Darwinian evolution, of course, can explain the rise of antibiotic-resistant bugs. It happens like this. A colony of bacteria gets doused in a deadly antibiotic. Amidst the die off, one bacterium has a lucky mutation that, say, lets it manufacture a molecule that can pump the antibiotic safely out of its cytoplasm into the surrounding slime. That lucky guy thrives and divides and replaces its massacred brethren, and gives rise to a new and nastier colony impervious to the antibiotic. Or as Darwin cheerfully put it On the Origin of Species, “the vigorous, the healthy, and the happy survive and multiply.” 

So far so good, for the bacteria anyway. But unfortunately for us (and unknown to Darwin), bacteria possess another means to acquire antibiotic resistance without having to sit around waiting for the next lucky mutation: They can swap genes the way we share recipes. When one bacterium rolls up close to another—not necessarily even of the same species—it can share a chromosome containing a slew of genes with, say, an enzyme that can smash penicillin into pieces.

Horizontal gene transfer is much more than a way for bacteria to share antibiotic resistance genes; it happens throughout nature and in the history of living things. We are all, for instance, partially viruses in a sense: Eight percent of the human genome arrived to us from the outside, from retroviruses, as Quammen notes. Various studies suggest that many of our genes were acquired, horizontally, from bacteria. Life, in other words, is not just a history of divergence, of the sprouting of new forms from a solid trunk. Sometimes, life converges. From this perspective, those three-parent children are no more unusual than you are or I am.

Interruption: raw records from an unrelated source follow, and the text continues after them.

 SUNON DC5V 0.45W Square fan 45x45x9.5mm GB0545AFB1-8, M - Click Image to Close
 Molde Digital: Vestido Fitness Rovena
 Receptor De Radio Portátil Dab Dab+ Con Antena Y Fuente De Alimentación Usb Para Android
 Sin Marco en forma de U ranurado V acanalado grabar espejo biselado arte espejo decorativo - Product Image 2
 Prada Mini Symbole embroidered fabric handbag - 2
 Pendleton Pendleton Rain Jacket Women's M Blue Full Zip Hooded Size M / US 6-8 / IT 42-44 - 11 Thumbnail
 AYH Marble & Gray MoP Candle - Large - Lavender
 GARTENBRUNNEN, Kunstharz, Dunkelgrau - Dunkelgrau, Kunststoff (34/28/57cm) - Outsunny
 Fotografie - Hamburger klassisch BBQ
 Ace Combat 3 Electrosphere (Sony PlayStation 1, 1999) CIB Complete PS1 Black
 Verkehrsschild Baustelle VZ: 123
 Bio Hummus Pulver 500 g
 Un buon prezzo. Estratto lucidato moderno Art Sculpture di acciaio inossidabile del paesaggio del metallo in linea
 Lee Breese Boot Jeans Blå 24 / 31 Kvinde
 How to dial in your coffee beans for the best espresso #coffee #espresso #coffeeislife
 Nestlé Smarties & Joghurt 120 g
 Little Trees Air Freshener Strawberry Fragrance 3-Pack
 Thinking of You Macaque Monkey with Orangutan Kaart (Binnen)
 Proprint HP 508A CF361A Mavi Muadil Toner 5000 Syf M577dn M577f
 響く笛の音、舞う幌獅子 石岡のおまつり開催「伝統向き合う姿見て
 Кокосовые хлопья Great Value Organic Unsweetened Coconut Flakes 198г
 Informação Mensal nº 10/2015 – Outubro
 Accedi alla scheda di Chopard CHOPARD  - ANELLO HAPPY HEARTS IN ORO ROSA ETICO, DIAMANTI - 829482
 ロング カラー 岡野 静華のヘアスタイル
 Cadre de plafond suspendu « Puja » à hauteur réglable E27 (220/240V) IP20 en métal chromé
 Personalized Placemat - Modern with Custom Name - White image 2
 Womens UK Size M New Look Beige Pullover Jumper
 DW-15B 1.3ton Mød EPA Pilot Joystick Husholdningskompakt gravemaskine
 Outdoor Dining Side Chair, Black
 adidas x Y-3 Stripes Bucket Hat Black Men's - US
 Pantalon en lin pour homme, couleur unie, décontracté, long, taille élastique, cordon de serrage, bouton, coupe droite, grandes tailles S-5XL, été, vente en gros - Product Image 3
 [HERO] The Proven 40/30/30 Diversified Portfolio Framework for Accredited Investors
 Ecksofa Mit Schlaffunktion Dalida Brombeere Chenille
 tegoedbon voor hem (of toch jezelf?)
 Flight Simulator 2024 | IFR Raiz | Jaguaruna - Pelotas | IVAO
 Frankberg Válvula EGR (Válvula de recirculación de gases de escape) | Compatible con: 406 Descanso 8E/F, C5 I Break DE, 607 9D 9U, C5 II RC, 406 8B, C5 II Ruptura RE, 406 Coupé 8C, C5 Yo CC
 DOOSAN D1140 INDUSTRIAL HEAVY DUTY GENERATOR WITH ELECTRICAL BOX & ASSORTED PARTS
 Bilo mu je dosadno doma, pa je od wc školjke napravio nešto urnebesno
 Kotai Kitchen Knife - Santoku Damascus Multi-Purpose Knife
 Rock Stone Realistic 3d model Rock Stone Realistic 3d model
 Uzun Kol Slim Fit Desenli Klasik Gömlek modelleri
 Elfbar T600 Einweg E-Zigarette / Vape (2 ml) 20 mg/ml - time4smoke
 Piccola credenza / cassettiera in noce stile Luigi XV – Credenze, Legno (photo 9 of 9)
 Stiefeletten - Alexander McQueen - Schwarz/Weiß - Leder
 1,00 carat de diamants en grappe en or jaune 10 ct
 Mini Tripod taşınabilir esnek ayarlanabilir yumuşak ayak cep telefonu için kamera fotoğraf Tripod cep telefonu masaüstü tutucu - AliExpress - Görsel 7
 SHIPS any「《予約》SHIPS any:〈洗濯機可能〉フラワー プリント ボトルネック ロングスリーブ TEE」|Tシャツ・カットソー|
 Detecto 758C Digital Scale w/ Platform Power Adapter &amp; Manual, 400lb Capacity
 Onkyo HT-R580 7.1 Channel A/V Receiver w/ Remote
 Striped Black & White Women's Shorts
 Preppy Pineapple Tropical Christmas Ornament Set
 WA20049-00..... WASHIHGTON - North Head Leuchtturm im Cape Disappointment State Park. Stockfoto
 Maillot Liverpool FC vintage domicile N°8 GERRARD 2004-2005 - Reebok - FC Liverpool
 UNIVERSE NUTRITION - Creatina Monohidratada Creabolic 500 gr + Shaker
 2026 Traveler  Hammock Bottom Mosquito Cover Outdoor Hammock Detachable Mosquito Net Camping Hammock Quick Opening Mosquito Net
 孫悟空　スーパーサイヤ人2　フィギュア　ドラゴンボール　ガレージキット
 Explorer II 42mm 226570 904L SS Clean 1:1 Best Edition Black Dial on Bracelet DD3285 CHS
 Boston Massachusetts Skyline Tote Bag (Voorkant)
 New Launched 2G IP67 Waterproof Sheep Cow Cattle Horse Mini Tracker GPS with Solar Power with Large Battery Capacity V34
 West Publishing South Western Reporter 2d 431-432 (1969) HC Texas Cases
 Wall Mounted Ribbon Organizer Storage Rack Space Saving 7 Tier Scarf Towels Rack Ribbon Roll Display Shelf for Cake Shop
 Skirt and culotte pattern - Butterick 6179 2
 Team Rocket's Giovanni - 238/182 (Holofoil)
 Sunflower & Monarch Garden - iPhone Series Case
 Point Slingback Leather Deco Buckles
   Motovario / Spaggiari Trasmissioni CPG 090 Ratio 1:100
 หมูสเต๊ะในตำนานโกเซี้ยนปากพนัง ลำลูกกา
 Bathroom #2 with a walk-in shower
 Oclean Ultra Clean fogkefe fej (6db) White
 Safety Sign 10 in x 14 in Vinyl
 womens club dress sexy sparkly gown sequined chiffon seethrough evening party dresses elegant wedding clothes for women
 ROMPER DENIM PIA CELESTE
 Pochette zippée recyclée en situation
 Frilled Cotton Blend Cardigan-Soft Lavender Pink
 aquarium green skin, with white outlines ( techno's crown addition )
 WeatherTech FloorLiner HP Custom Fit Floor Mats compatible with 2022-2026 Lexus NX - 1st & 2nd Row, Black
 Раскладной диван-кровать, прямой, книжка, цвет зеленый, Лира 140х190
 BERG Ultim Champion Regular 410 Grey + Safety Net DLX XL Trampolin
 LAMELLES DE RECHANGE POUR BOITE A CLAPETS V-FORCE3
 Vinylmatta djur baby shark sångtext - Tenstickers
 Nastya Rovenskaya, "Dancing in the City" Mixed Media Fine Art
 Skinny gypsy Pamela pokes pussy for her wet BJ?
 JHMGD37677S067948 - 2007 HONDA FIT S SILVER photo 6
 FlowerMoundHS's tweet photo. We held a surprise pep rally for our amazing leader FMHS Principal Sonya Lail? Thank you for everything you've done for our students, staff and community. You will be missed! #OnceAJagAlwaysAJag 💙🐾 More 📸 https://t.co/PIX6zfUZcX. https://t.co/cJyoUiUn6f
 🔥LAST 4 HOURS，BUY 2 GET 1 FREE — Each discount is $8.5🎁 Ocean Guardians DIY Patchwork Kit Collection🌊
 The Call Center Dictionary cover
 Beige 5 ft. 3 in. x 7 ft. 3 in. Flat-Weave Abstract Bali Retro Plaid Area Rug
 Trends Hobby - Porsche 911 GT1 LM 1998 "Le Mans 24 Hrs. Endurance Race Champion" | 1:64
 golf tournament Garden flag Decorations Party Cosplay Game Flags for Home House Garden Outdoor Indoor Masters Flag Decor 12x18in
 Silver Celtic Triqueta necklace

Ultimately The Tree of Life is merely a metaphor, but I think a pleasant one: It connects us to the lineage of all living things, all the way back to the bag of chemicals—or maybe the single molecule—that one day coalesced in the primordial muck. Yet like all metaphors, the “tree” falls short of reality. For in biology, all boundaries are blurred: between species, sometimes even between individual organisms, and probably between the living and the non-living.